Available data Start Marker
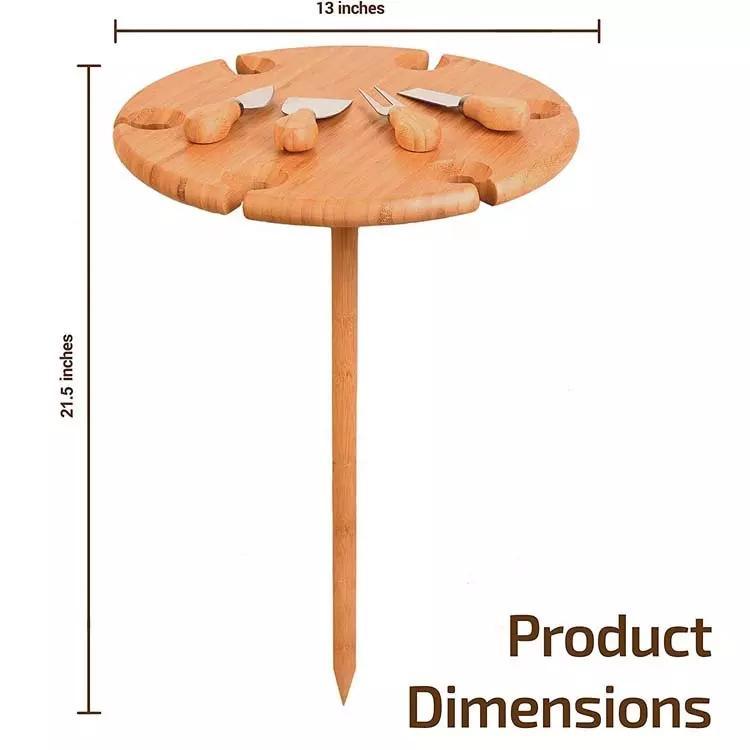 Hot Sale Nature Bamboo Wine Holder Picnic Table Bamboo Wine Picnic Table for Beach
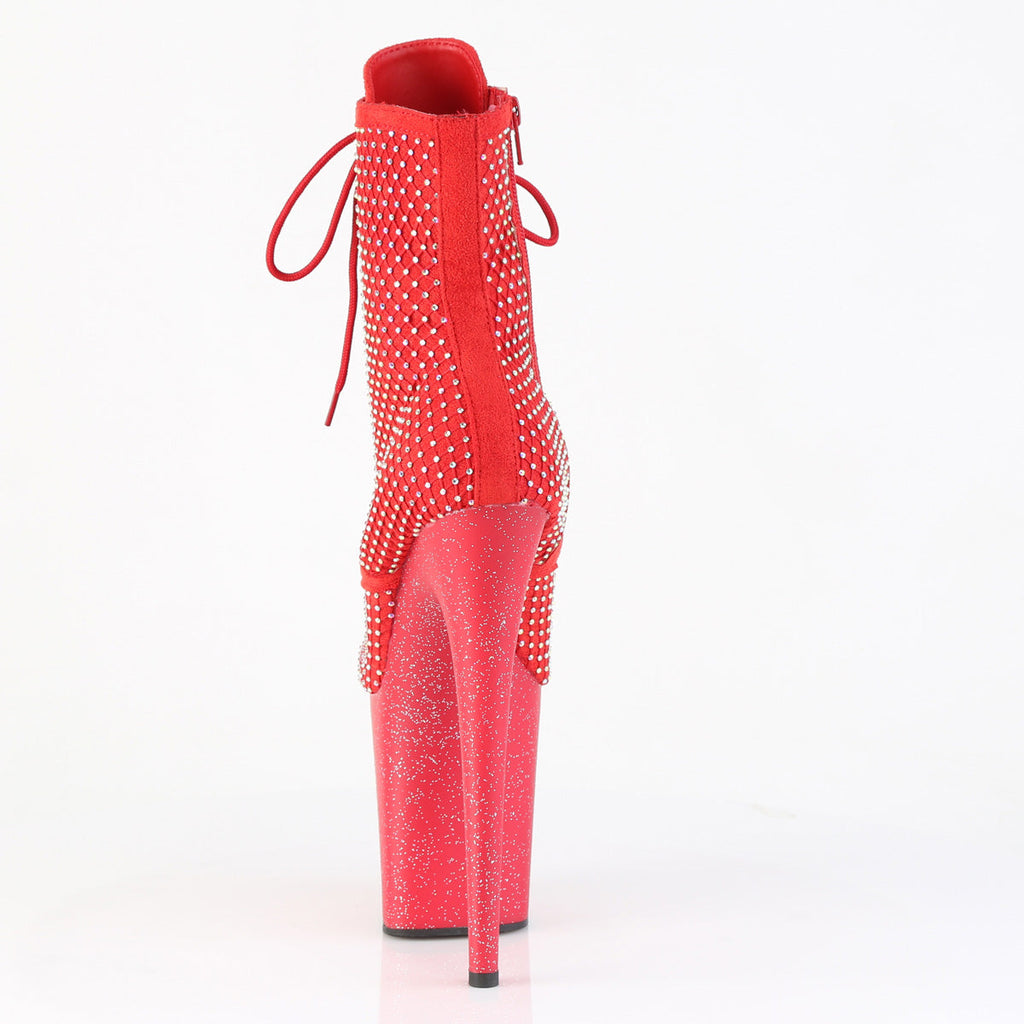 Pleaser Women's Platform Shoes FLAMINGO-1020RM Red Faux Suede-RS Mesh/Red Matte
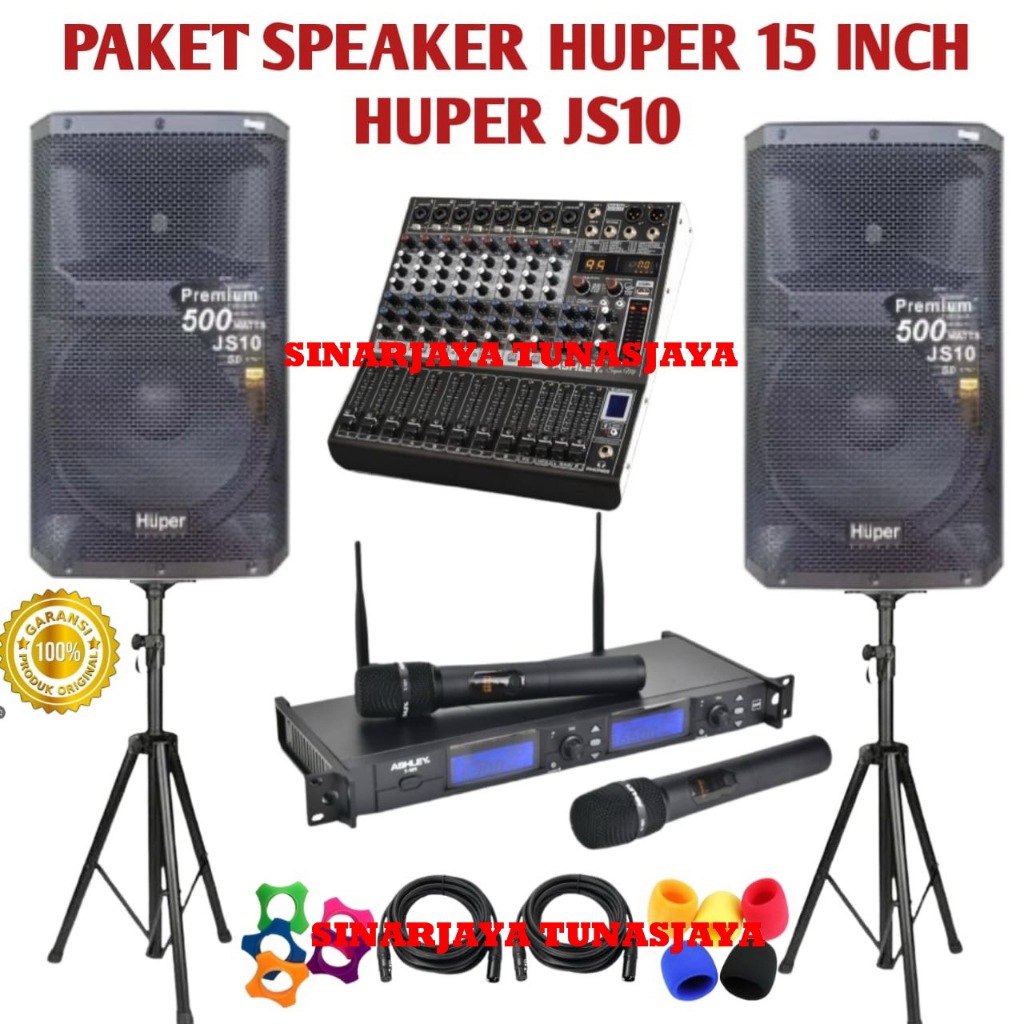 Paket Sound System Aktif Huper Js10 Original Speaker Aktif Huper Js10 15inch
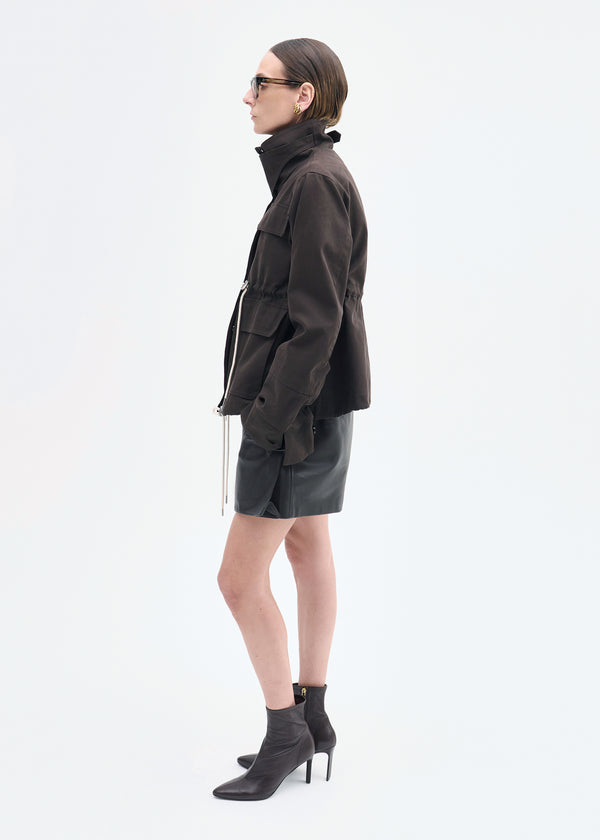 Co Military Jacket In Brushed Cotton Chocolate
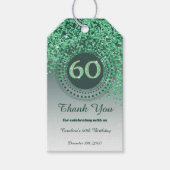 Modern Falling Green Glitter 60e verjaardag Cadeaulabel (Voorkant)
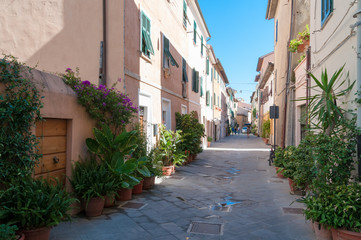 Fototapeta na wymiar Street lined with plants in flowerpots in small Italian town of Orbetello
Available data End Marker
Available data Start Marker
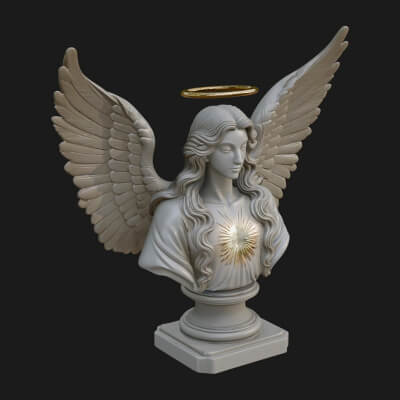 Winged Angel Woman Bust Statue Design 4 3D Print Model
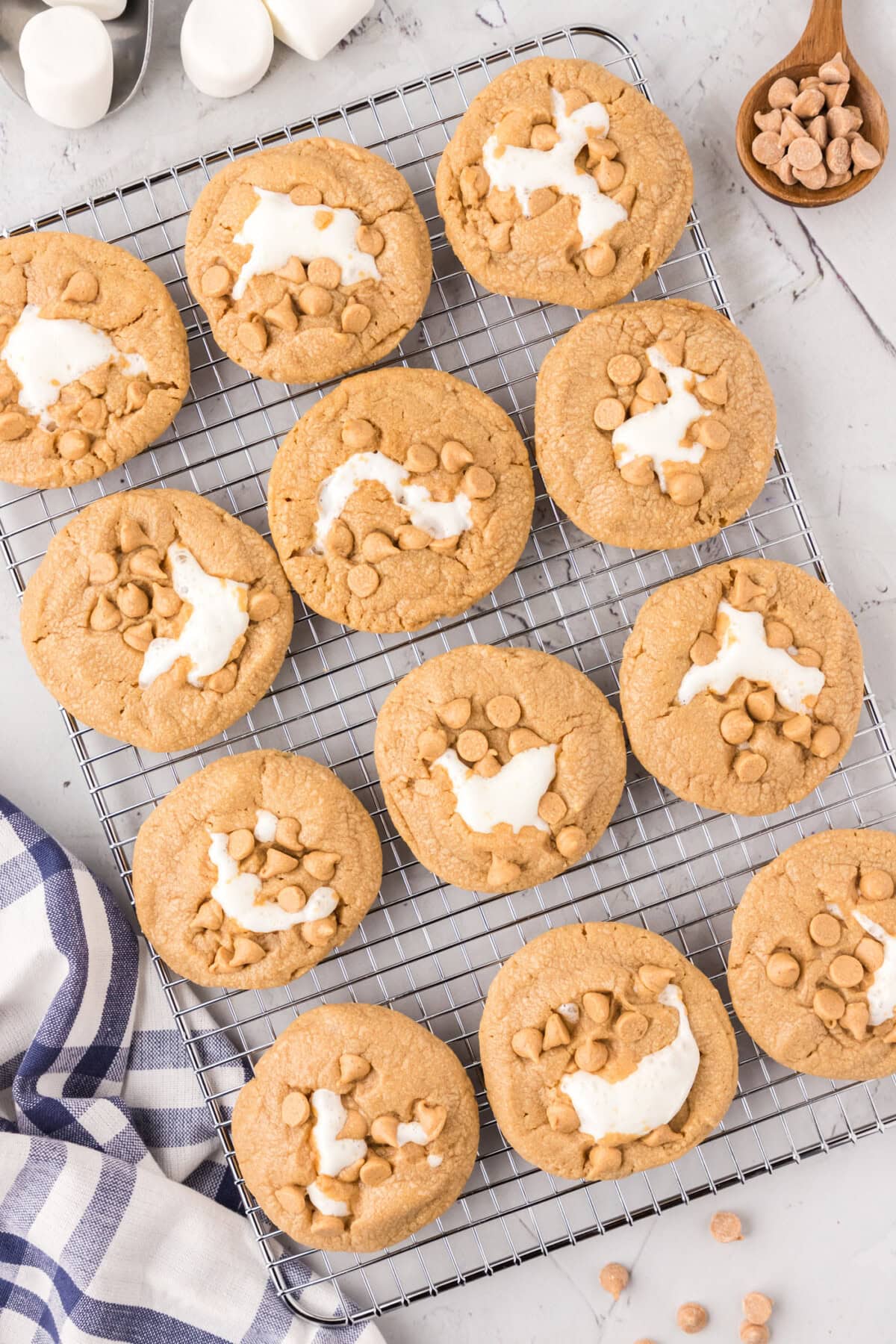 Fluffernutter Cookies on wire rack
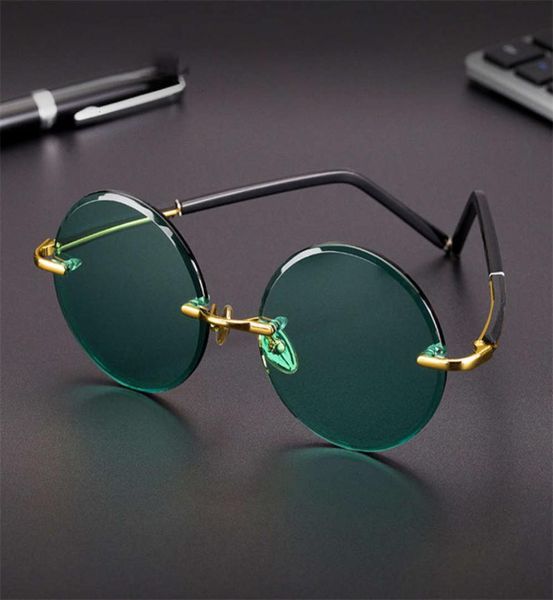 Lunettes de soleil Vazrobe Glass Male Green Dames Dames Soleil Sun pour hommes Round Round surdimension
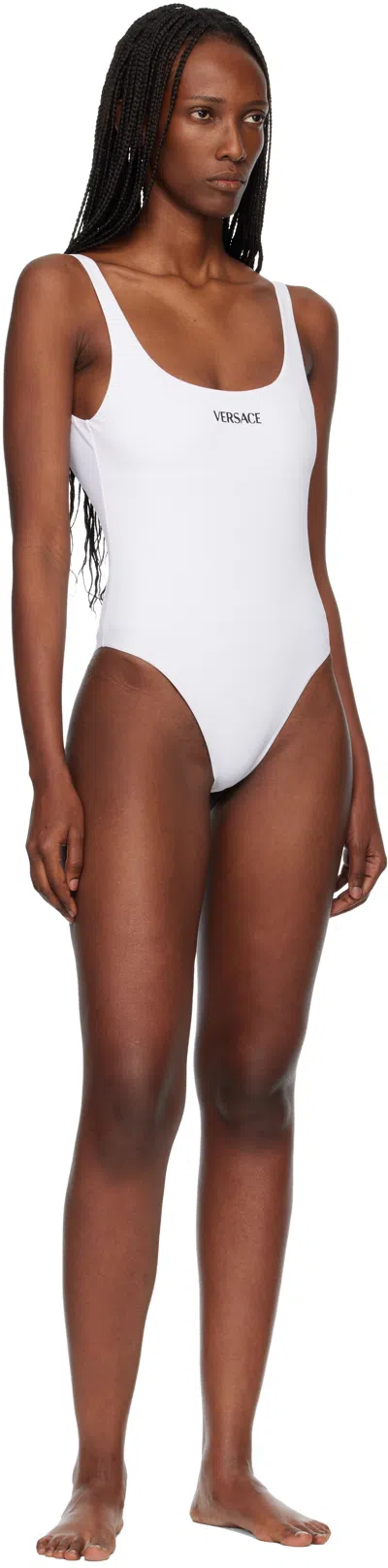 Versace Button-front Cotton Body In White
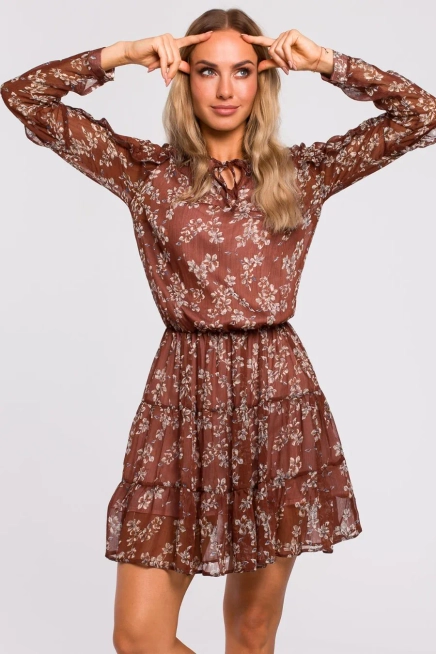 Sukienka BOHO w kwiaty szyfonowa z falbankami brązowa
Available data End Marker
(The task): Once the line with "Fluffernutter Cookies on wire rack" is found above, print it and every line after it through the line with "Sukienka BOHO w", exactly. Pictures stay out.

(Solution):
 Fluffernutter Cookies on wire rack
 Lunettes de soleil Vazrobe Glass Male Green Dames Dames Soleil Sun pour hommes Round Round surdimension
 Versace Button-front Cotton Body In White
 Sukienka BOHO w kwiaty szyfonowa z falbankami brązowa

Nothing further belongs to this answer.